- WHAT IS REQUIRED:
Retype exactly the lines below, starting with the line that contains "Ceri Hoover Cheetah" and ending with the last line; leave out any pictures.

- INPUT DATA:
★ ★ ★ ★
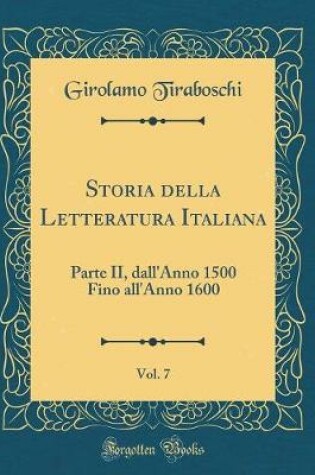 Cover of Storia Della Letteratura Italiana, Vol. 7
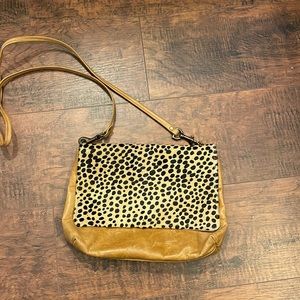Ceri Hoover Cheetah Leather Bag. 12”x 9”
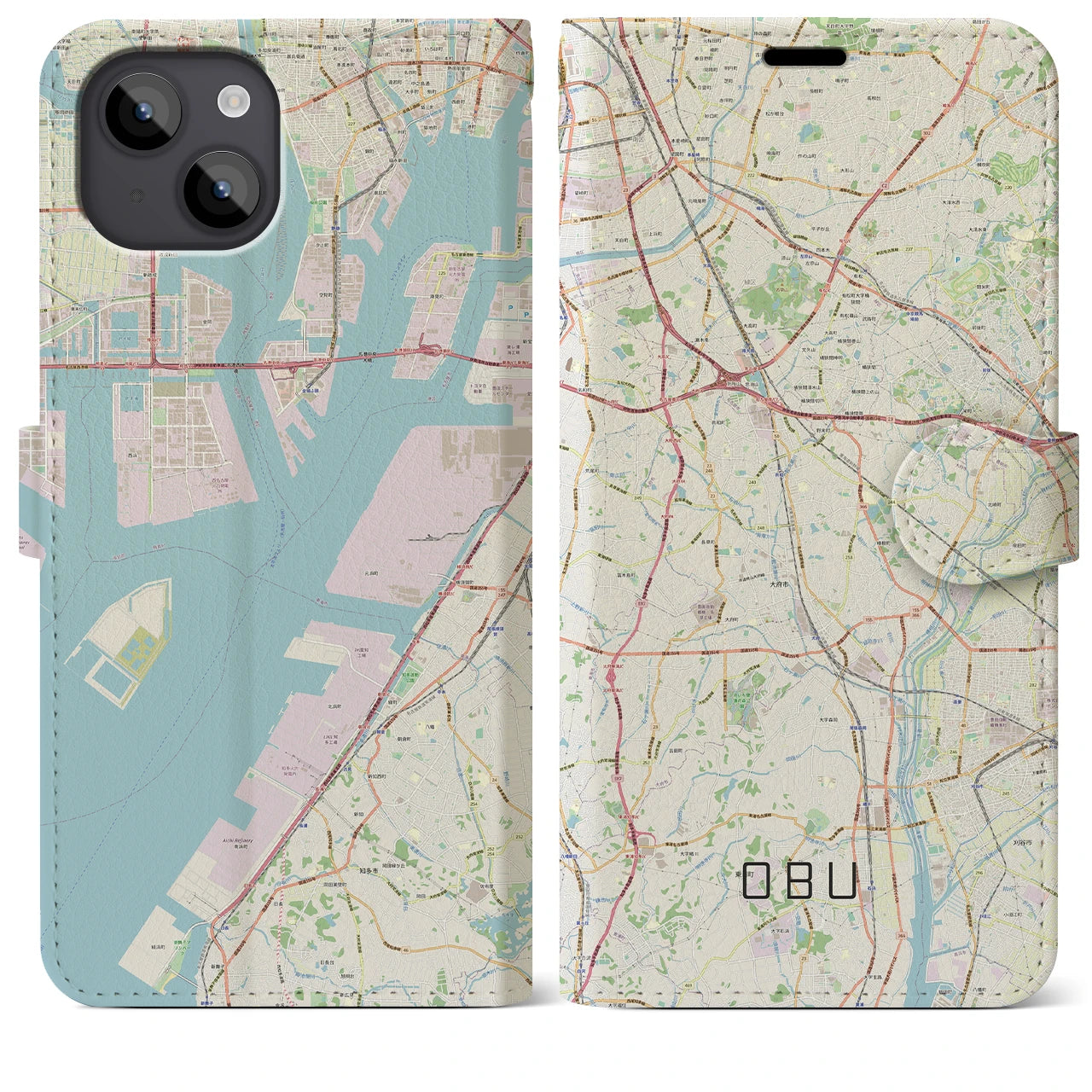 【大府（愛知県）】地図柄iPhoneケース（手帳タイプ）ナチュラル・iPhone 14 Plus 用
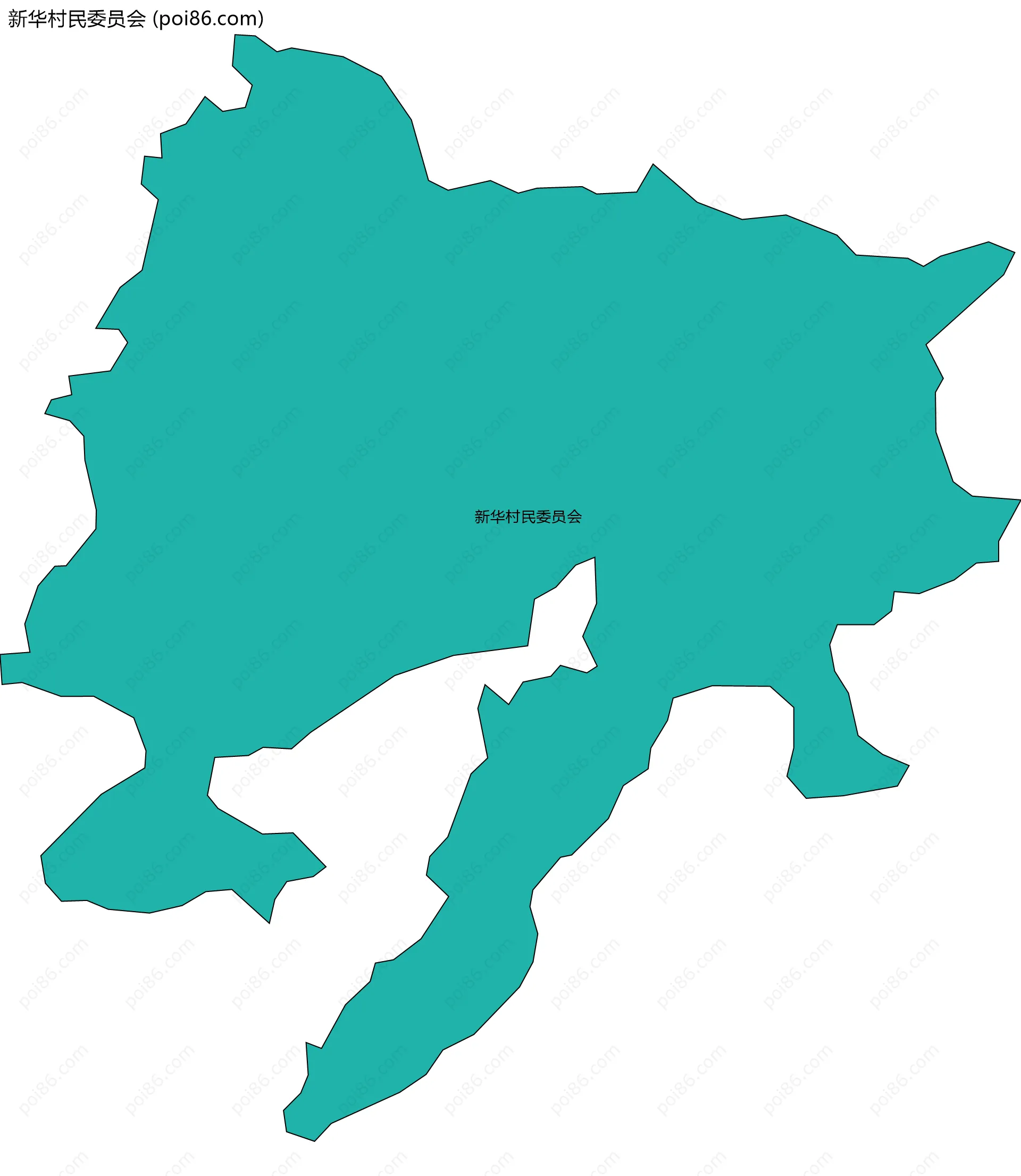 新华村民委员会边界地图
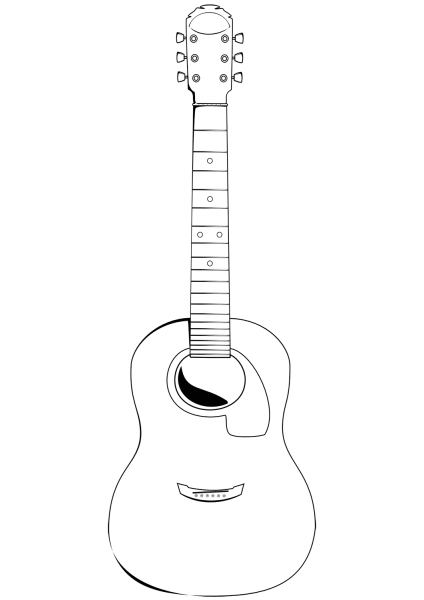 Classical Guitar coloring page image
★ ★ ★ ★
- SOLUTION:
Ceri Hoover Cheetah Leather Bag. 12”x 9”
 【大府（愛知県）】地図柄iPhoneケース（手帳タイプ）ナチュラル・iPhone 14 Plus 用
 新华村民委员会边界地图
 Classical Guitar coloring page image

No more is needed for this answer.